The medical field in this country has no shortage of job openings.  If you wish to serve, but can't bear to prescribe some of the pills you will be asked to provide, then just do something else.  Become a radiologist, or an anesthesiologist, or a nurse, or a billing coder.  You can go to night school for that last one! 

Still not smart enough to agree with me?  (Yeah, I said it, and yes, I'm always that arrogant.)  Then here's another, more...sensitive...way to look at it:  If you are too righteous to dole out birth control, but you can rationalize prescribing a pill to give an erection, stop pain, or alter consciousness, then it seems to me you are already violating the will of your god.  If it doesn't work, didn't god will it so?  If it hurts, didn't god allow it to break?  In the same way he seems to have charged you, Mr. Pharmacist, with dispensing his will, he has acted out his will upon those you pretend to want to treat.  There goes that cognitive dissonance again.  If you want to enforce your morality or beliefs on others, the LAST place you belong is in a pharmacy, or even in a lab coat for that matter.  You may say that stopping a birth is a worse evil than those other things, but you're lying to yourself.  Something else is going on here.  Furthermore, it smacks of that 'cafeteria christianity', which brings your alleged devotion into serious question. 

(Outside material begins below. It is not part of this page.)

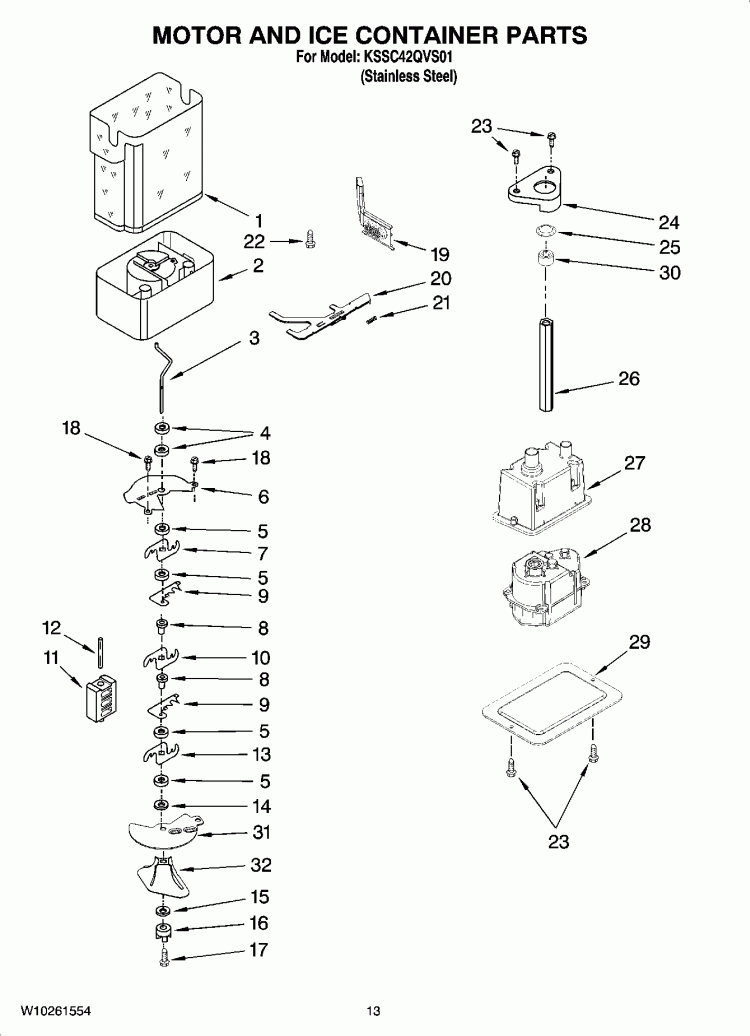 MOTOR AND ICE CONTAINER PARTS Diagram and Parts List for KSSC42QVS01  KitchenAid Refrigerator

Pharmacists take a job that requires them to fill prescriptions at the order of a doctor.  If you can't do that, for any reason, than you must conscientiously object, and step down from your position.  There is no happy medium available to you.  Then go home and consider a life in the clergy, another medical profession, the police force, or (god forbid, but it is your right) your state, local, or national legislature. 
Whatever you choose, you must get out of the pharmacy.  I promise you that the god you describe will not forgive you for killing a woman by refusing her medication. 

That wraps it up for today, readers.  Agree or disagree, you definitely thought.  If you didn't then go back and read it again because you missed something.  Thanks again, and please remember comments are encouraged!

Oh, and if you think this is no big deal, you're wrong.  On March 3, 2009 the Idaho State Senate passed a law making it a-okay for pharmacist to refuse medicine based on religious or philosophical beliefs.  Next they'll tell cops it's okay to enforce some laws, but not others, based on their personal beliefs.